Oui, on peut. «Yes, we can.» Mary Lambert, 25 ans, est cette nouvelle barde de la diversité US dont le parcours sillonne à mi-chemin entre alternative et mainstream pour mieux redéfinir les normes du show-business. Bon. La voluptueuse chanteuse, ouvertement lesbienne avant même les prémices du succès, n’est pas la première à avoir fait de ses fêlures, ses luttes identitaires et sa puberté cabossée les ingrédients d’une trajectoire vers la gloire. Sans même les comparer, Peaches ou Beth Ditto, bien avant Miss Lambert, ont hissé leur freak en étendard du chic. Mais là où Mary pleine de grâce augure le franchissement d’une nouvelle étape, c’est dans la manière dont elle se ré-approprie ses blessures. Elle ne les affiche ni comme les galons de la victoire, ni comme les cicatrices de l’amazone, ni comme la preuve d’un caractère en acier trempé. Non, Mary Lambert parle de ses faiblesses sans volonté apparente d’instrumentalisation. Si elle les affiche, c’est pour mieux rappeler que nos failles et nos imperfections sont bel et bien nos traits les plus communs – à vrai dire un trait d’union entre toutes et tous.

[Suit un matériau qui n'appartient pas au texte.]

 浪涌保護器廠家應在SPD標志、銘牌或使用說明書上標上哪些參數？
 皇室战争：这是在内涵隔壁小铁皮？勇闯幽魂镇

«Au moment où vous vous permettez d’être vulnérable en disant: «Je déteste mon apparence» ou «Je me demande comment serait le monde si j’étais mort-e», les choses changent.»
«En tant que société, nous avons oublié comment aimer quelqu’un qu’on ne connaît pas. Comment réparer ça? En commençant par avoir l’honnêteté d’accepter ce qu’on ressent», déclare-t-elle au blog AfterElle.com. «Au moment où vous vous permettez d’être vulnérable en disant: «Je déteste mon apparence» ou «Je me demande comment serait le monde si j’étais mort.e», les choses changent. La plupart des gens, en fait tout le monde probablement, a ressenti ce genre de choses. Alors pourquoi ne pouvons-nous pas les dire? Lorsqu’on est honnête avec qui l’on est, on jette des ponts, et c’est ce que j’essaie de faire.»
«physiques atypiques»
Créer du lien en revendiquant sa vulnérabilité? Désamorcer, surtout, le discours de l’ascension et de la réussite que produit la toute puissante société du spectacle. Soyons clair: il n’y a pas d’unijambiste, de grand brûlé ou de trisomique 21 dans les clips de Mary Lambert. Plutôt des «physiques atypiques» tous assez bien peignés, quelques gosses à coiffure afro, emos à mèches rebelles et butch farouche. Mais peu importe, le message est là: awkward is beautiful.
Il faut dire que, en matière d’antécédents filppants, Mary fait dans le lourd. De l’excommuniation de sa famille par la communauté pentecôtiste ultra-religieuse lorsque sa mère fait son coming out (Mary a six ans), jusqu’à son propre rejet par l’église évangélique quand, à 17 ans, Mary elle-même se découvre lesbienne après avoir rencontré sa première petite amie au sein de la paroisse, depuis ce viol collectif dont elle a fait un poème où un corps démembré flotte sur la rivière jusqu’à la drogue et la dépression dont la musique l’a sauvée, il y a de quoi vider quelques camions de valium. «Je m’enfermais dans ma chambre, j’allumais mon petit keyboard et je chantais: I’m loved, I’m loved, I’m loved.»
Premier frisson
Depuis, Mary Lambert met en refrain les affres de la dictature corporelle («Body Love»), ses questionnements sur l’identité Femme, l’amour au féminin («She keeps me warm»), la jubilation à dire tout haut les petits bizarreries qui froissent la bonne société («Secrets»). «Heart on my sleeve», le titre qui donne son nom à un premier album à paraître ce mois, raconte l’émotion de la première fille, de la première fois, du premier frisson. Une production ultra clean, ultra efficace, ultra positivante, en écho à des années balafrées, souillées, évaporées. Au bout du prêche pour l’acceptation de soi, le salut par la pop. ça redonne un peu la foi, tout simplement.